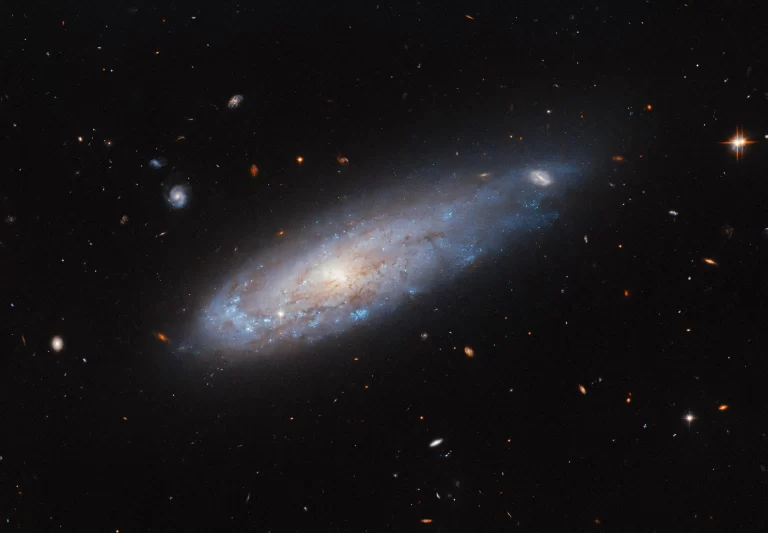 Hubble Captures Stunning Image of Spiral Galaxy IC 3225 Zooming Through Space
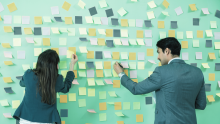 people hanging up sticky notes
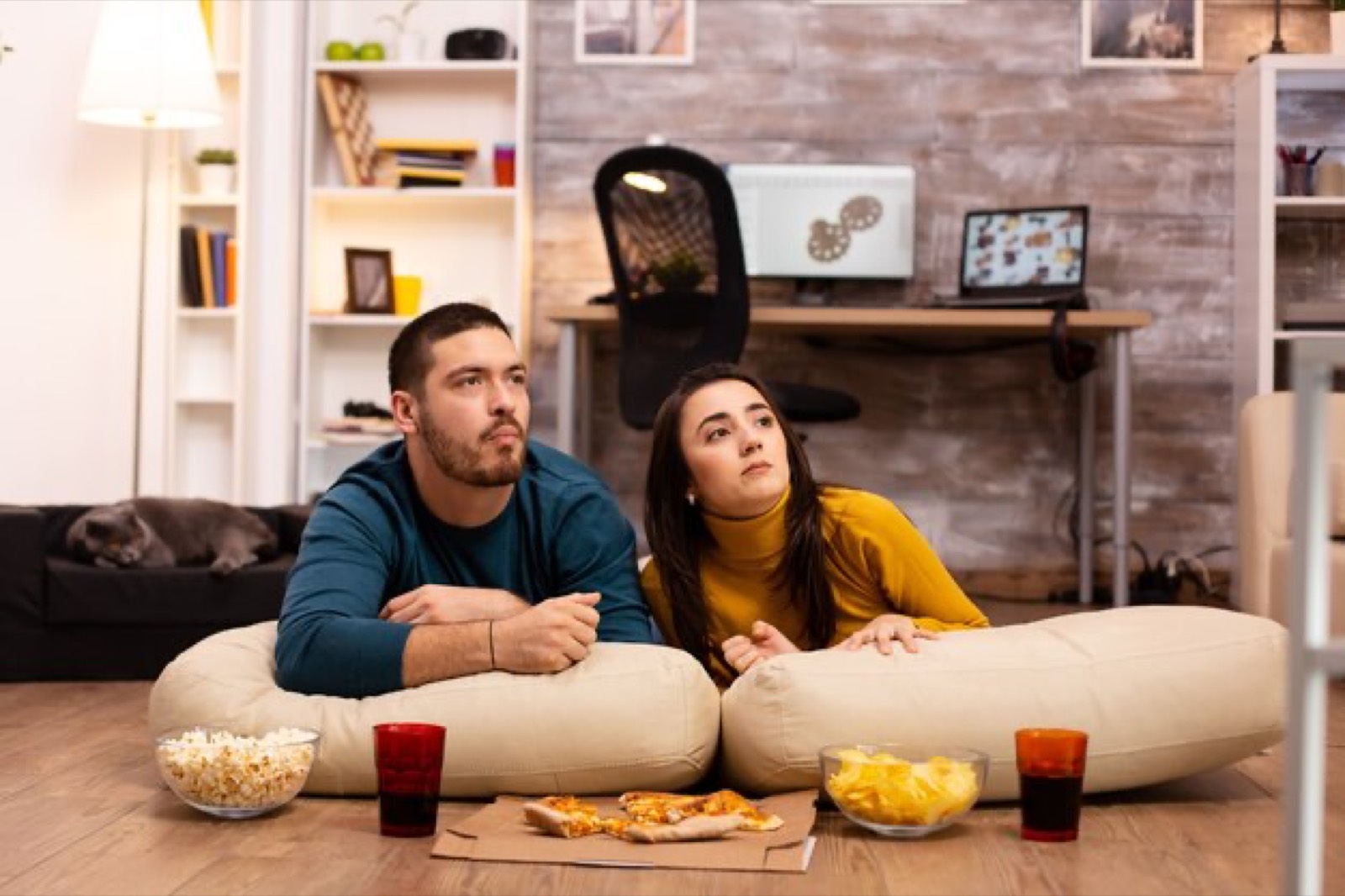 Couple setting up Rapid IPTV on their living room TV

#### ASSIGNMENT:
Excluding every picture, set down the listing exactly.

#### FINAL ANSWER:
 Hubble Captures Stunning Image of Spiral Galaxy IC 3225 Zooming Through Space
 people hanging up sticky notes
 Couple setting up Rapid IPTV on their living room TV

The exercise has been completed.